212.237ms 8.547ms event:[n3,s5,r5903/1:/Table/33{4-5}] read-write path
212.542ms 0.305ms event:[n3,s5,r5903/1:/Table/33{4-5}] command queue
215.207ms 2.665ms event:[n3,s5,r5903/1:/Table/33{4-5}] waiting for 142 overlapping requests
282.763ms 67.556ms event:[n3,s5,r5903/1:/Table/33{4-5}] waited 67.551666ms for overlapping requests
285.246ms 2.483ms event:[n3,s5,r5903/1:/Table/33{4-5}] applied timestamp cache
298.022ms 12.776ms event:[n3,s5,r5903/1:/Table/33{4-5}] evaluated request
304.944ms 6.922ms event:[n3,s5,r5903/1:/Table/33{4-5}] replica.Send got error: conflicting intents on /Table/334/1/“xyz”/0
304.956ms 0.011ms event:[n3,s5] pushing 1 transaction(s)

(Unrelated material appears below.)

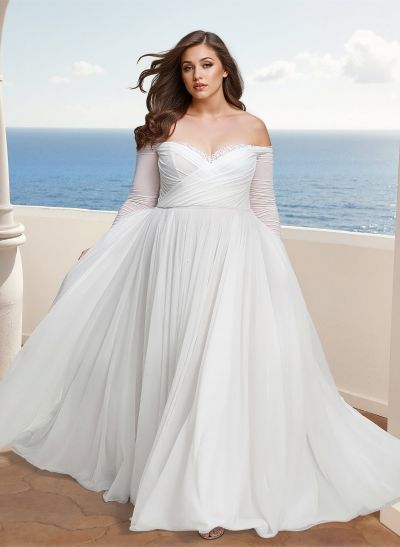 Plus Size A-Line Off-The-Shoulder 3/4 Sleeves Sweep Train Chiffon Wedding Dresses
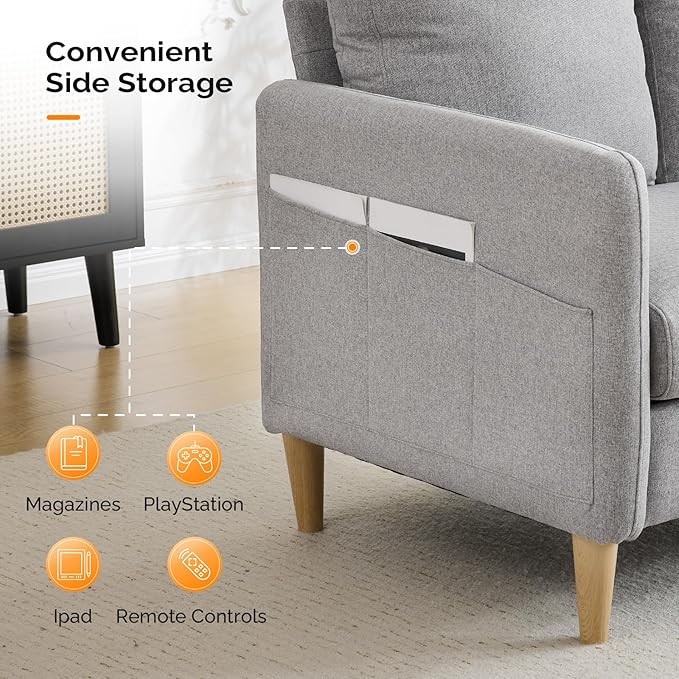 VINGLI 47" Small Couch, Linen Loveseat Sofa Light Grey Mini Couch Mid Century Modern Decor Love Seat for Small Spaces Living Room, Bedroom, Play Room-Ruum Studio Home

It must wait often over 80ms. Is the {4-5} the range, where the key is in? Can it be faster, if I choose smaler range sizes?

In the logs are 48:

1597.617ms 1.815ms event:[n3,s5] 22ae3905-7fae-49f8-bb2e-7ff2a694ae85 is now ABORTED

Can anybody help me speed it up?

Can anyone help me?

Or is a scenario with many conflicts the wrong use case for cockroach?

@enricotal70 we’ll need more information to answer this question. Queries with many conflicts will be slow on any database because a database guarantees serializability. You could try turning on isolation level SNAPSHOT.